Information supplied
:::::
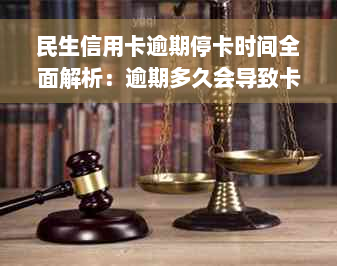 民生信用卡逾期停卡时间全面解析：逾期多久会导致卡片被封停？如何避免？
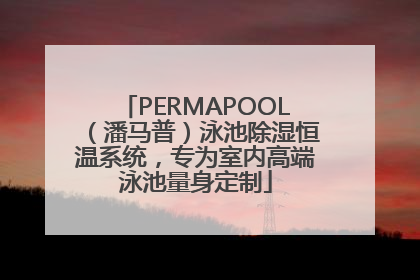 PERMAPOOL（潘马普）泳池除湿恒温系统，专为室内高端泳池量身定制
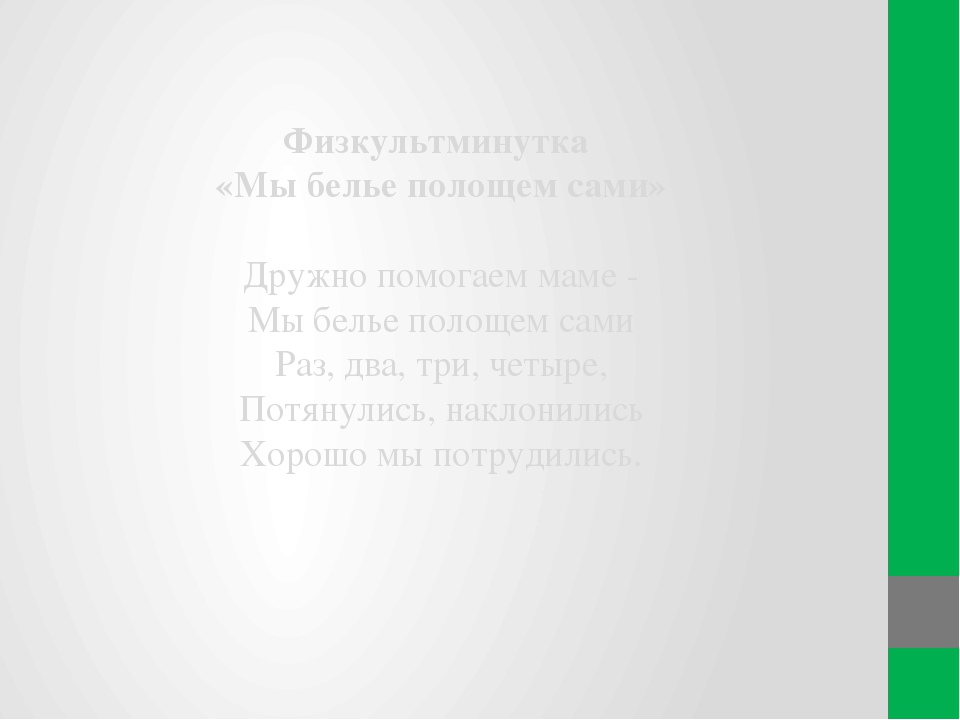 Нравственное воспитание детей дошкольного возраста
:::::
Aim of the exercise
The whole listing is to be duplicated verbatim, apart from its images.

Reply
 民生信用卡逾期停卡时间全面解析：逾期多久会导致卡片被封停？如何避免？
 PERMAPOOL（潘马普）泳池除湿恒温系统，专为室内高端泳池量身定制
 Нравственное воспитание детей дошкольного возраста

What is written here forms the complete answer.